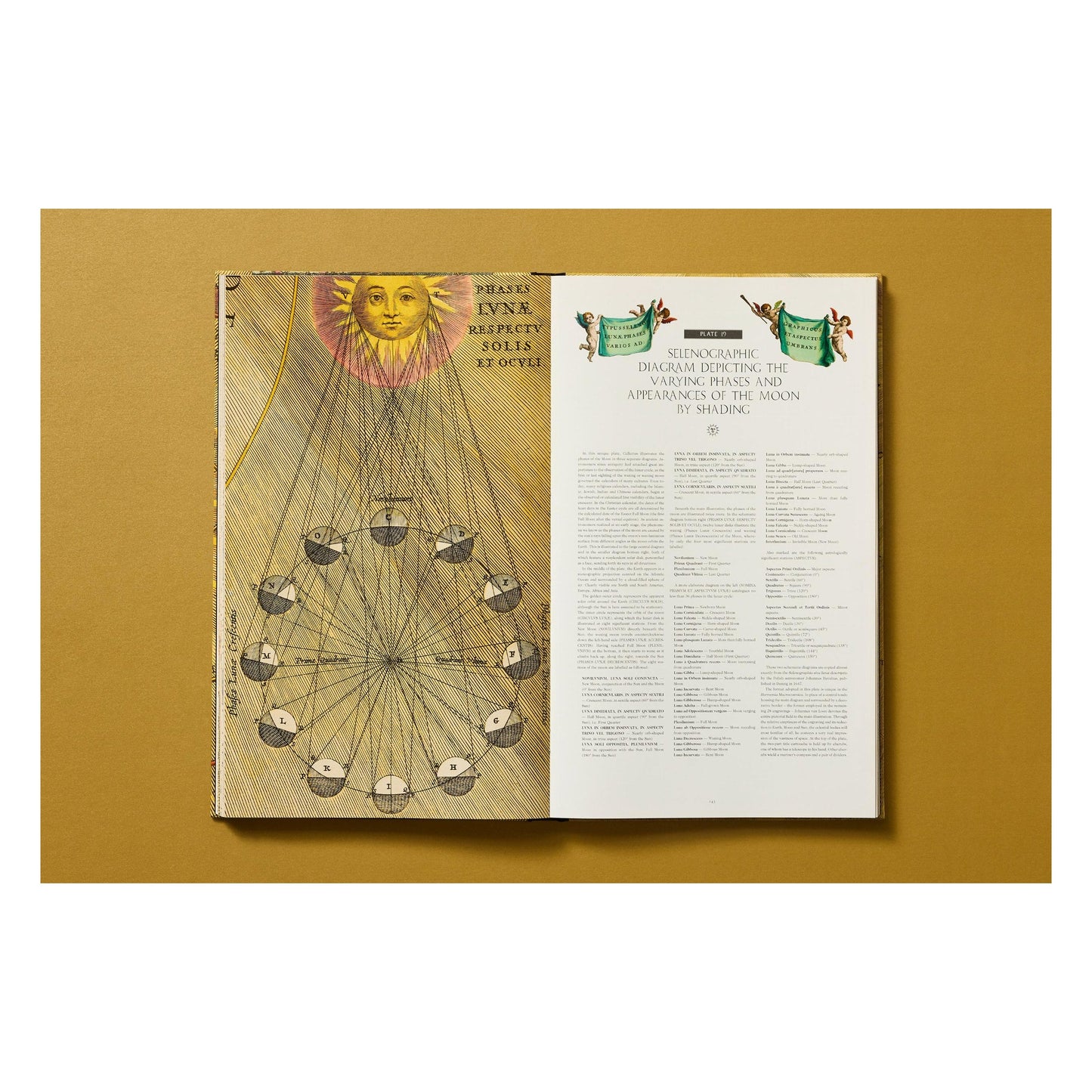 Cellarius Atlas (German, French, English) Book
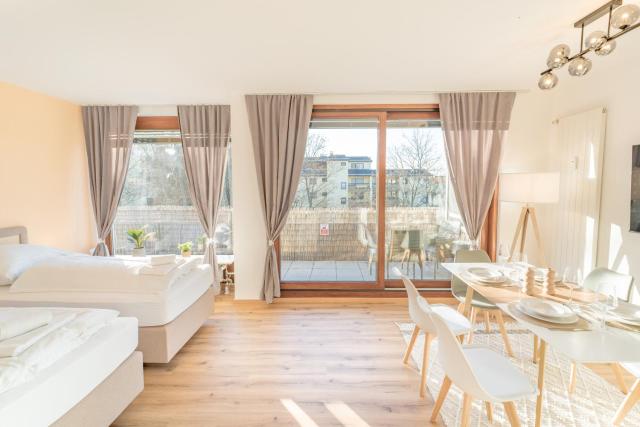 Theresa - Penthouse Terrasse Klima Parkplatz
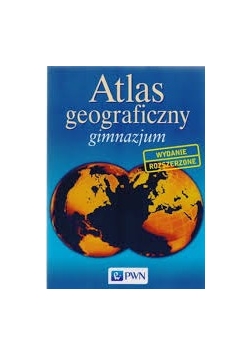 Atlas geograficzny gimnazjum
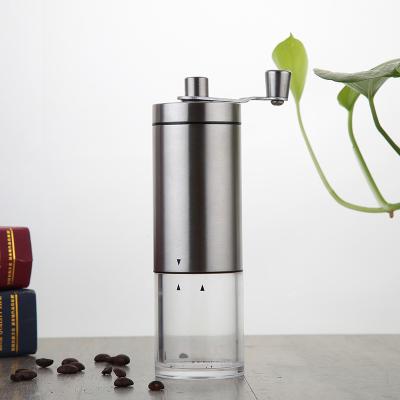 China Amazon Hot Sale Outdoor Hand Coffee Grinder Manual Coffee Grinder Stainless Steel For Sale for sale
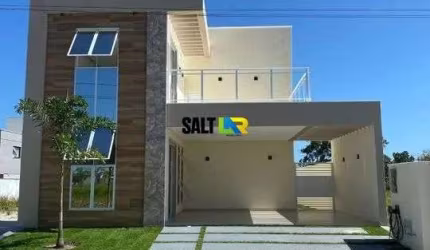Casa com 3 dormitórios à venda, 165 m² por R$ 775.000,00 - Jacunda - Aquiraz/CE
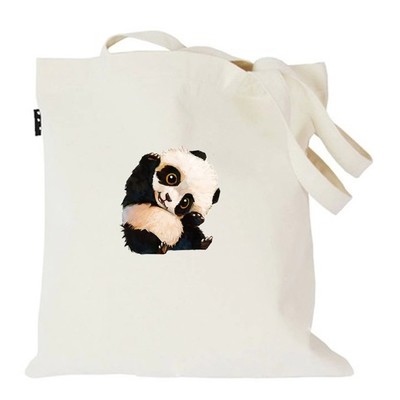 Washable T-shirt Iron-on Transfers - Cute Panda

════════

**TASK**
Word for word, reproduce all the data, but not the pictures.

**EXERCISE RESULT**
 Cellarius Atlas (German, French, English) Book
 Theresa - Penthouse Terrasse Klima Parkplatz
 Atlas geograficzny gimnazjum
 China Amazon Hot Sale Outdoor Hand Coffee Grinder Manual Coffee Grinder Stainless Steel For Sale for sale
Casa com 3 dormitórios à venda, 165 m² por R$ 775.000,00 - Jacunda - Aquiraz/CE
 Washable T-shirt Iron-on Transfers - Cute Panda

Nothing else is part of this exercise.